XXII. Мосье де Навьер
Любопытное зрелище представляет на краю залитой солнцем дороги этот длинный, сгорбленный, одетый чучелом старик, только что выплывший из потемок своего сада. Мосье де Навьер — конечно, единственный из всех обитателей Моперу, которого никак не заботят ни Пакё, ни жандармы. Ему предстоят сегодня совсем иные дела.
Еще издали завидев почтальона, он, как малый ребенок, машет слабой рукой.
— Здравствуй, Поль. Прости меня… — Мосье де Навьер всем местным жителям говорит «ты» и знает их только по имени. — Собираюсь вручить тебе одно письмо… Да… Когда ты на обратном пути будешь идти мимо… Надо оплатить одно письмо…
— Это можно, — говорит Жуаньо.
Старик, успокоенный, снова исчезает в зеленой тени.
Он живет в самом ветхом из всех деревенских домов. Расположенное ниже уровня дороги на том болотистом гектаре, который именуется Иль, это строение, разоренное, как его хозяин, и погребенное с ним вместе под плющом в гуще девственного леса, напоминает надгробную часовню на упраздненном кладбище.
Письмо, о котором идет речь, адресовано господину хранителю музея Карнавале в Париже:
«…В продолжение жизни, полной превратностей, — пишет мосье де Навьер, — благоприятное стечение обстоятельств дозволило мне составить прекрасное собрание старинных вещей. Мне нежелательно, чтобы эти памятники прошлого были развеяны после меня по воле четырех ветров пустыни. Я разумею под этим, господин хранитель, ветры публичного торга…»

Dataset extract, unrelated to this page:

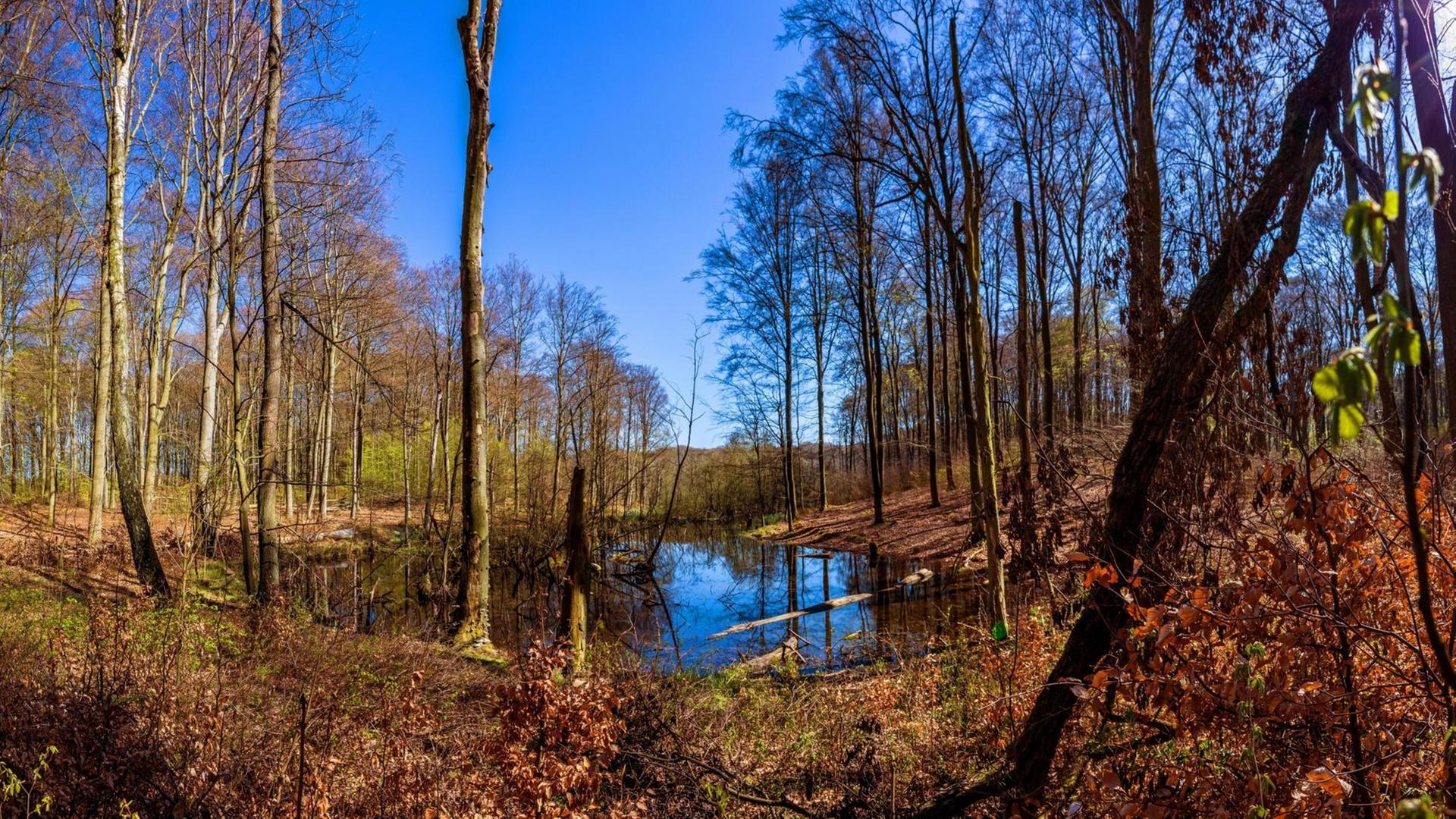 Spätherbstlicher Buchenwald und Weiher vor strahlend blauem Himmel Spätherbstlicher Buchenwald und Weiher vor strahlend blauem Himmel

Прекрасное собрание состоит из нескольких метров кружева, Библии, изъеденной крысами, жилета с цветочками времен Людовика-Филиппа, двух найденных в окрестностях римских монет и переплетенного в телячью кожу требника, который, как мосье де Навьер в итоге бестолковых изысканий предположил, принадлежал некогда одному суасонскому канонику.
С тех пор как он ушел в отставку с должности счетовода в кредитном обществе, часть его жизни вертится вокруг этих останков. Он держит свои коллекции в шкафу из темной груши, внутри которого им наклеена заметка, предназначенная для грядущих столетий:
«Эта горка хорошего стиля и подлинно старинная была исполнена в году, который нам не удалось определить, в мастерских Гильома, столярного мастера в Моперу, по указаниям моего двоюродного деда Станисласа-Луи де Навьера, скончавшегося в 1872 году. Так как дед мой в качестве причисленного к министерству изящных искусств имел честь оказать некоторые малые услуги архитектору Большого оперного театра в Париже господину Гарнье, то, может быть, не будет излишней смелостью предположить, что хотя бы общий план устройства этого шкафа был подсказан ему знаменитым его другом».
Сам мосье де Навьер еще труднее поддается датировке, чем его горка. Возраст этого высокого дряблого тела неопределим. У него добрые, серые, удивленные глаза под дугообразными бровями, сальный нос и седая борода. Зимой и летом носит он поверх сероватой фланелевой рубашки длинный, вконец изношенный жакет, усыпанный пятнами и перхотью. Он один на свете. Лишившись со времени войны всяких средств, он живет, изглоданный мелкими долгами, в недрах фамильного склепа в обществе старой слепой кошки; общество — не очень шумное, ибо кошка, скатавшись шаром на клочке войлока, встает с места только для того, чтобы раз в два дня нагадить где — нибудь в углу «библиотеки». Хоть книги тут нет ни одной, тем не менее именно так называет мосье де Навьер эту комнату в нижнем этаже, где он без особого нетерпения дожидается конца посреди пыльного хлама, озаренного, наподобие аквариума, дневным светом, просеянным сквозь листву и позеленевшие оконные стекла.